Ok, so the following quick hack below should solve the issue (can you confirm
it please, since I don't have access to any hardware atm?)

We should revisit this for 3.12 though, because I'm not sure that our
validation code even does the right thing when there are multiple PMUs
involved.

Will

--->8

diff --git a/arch/arm/kernel/perf_event.c b/arch/arm/kernel/perf_event.c
index d9f5cd4..0500f10b 100644
--- a/arch/arm/kernel/perf_event.c
+++ b/arch/arm/kernel/perf_event.c
@@ -253,6 +253,9 @@ validate_event(struct pmu_hw_events *hw_events,
struct arm_pmu *armpmu = to_arm_pmu(event->pmu);
struct pmu *leader_pmu = event->group_leader->pmu;

+ if (is_software_event(event))
+ return 1;
+
if (event->pmu != leader_pmu || event->state < PERF_EVENT_STATE_OFF)
return 1;

2013-08-07 13:54:55

by Mark Rutland

[permalink] [raw]
Subject: Re: perf,arm -- oops in validate_event

On Wed, Aug 07, 2013 at 02:00:27PM +0100, Will Deacon wrote:
> On Tue, Aug 06, 2013 at 02:08:15PM +0100, Mark Rutland wrote:
> > On Tue, Aug 06, 2013 at 12:59:21PM +0100, Will Deacon wrote:
> > > But we already check `event->pmu != leader_pmu' in validate_event, so we
> > > shouldn't get anywhere nearer calling get_event_idx in the case you
> > > describe.
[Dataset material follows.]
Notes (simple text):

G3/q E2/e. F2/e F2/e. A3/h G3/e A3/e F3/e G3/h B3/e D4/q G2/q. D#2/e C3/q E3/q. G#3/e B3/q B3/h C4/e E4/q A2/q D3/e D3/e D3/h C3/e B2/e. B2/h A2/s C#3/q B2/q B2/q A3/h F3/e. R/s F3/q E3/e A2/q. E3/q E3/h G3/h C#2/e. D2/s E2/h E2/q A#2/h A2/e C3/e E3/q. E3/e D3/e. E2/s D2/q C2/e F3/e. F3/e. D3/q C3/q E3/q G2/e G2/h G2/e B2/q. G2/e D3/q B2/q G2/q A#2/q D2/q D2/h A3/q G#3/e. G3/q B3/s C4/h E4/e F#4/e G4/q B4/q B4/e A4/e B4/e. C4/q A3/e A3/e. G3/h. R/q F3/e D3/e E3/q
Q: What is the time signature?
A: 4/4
It sounds more like we have an inconsistency with one of the
> > > events.
> >
> > Note in my example that the software event was the group leader (so in
> > fact we'd *only* be checking those events which we can't actually
> > handle...).
> >
> > I was also under the impression that in the case of mixed hardware and
> > software events, a hardware event must be the group leader. That
> > doesn't seem to be the case. If a hardware event is added to a software
> > group, the group is moved to hardware context but the original software
> > event stays as the group leader.
>
> Ok, so the following quick hack below should solve the issue (can you confirm
> it please, since I don't have access to any hardware atm?)

It works for me when running Vince's test case.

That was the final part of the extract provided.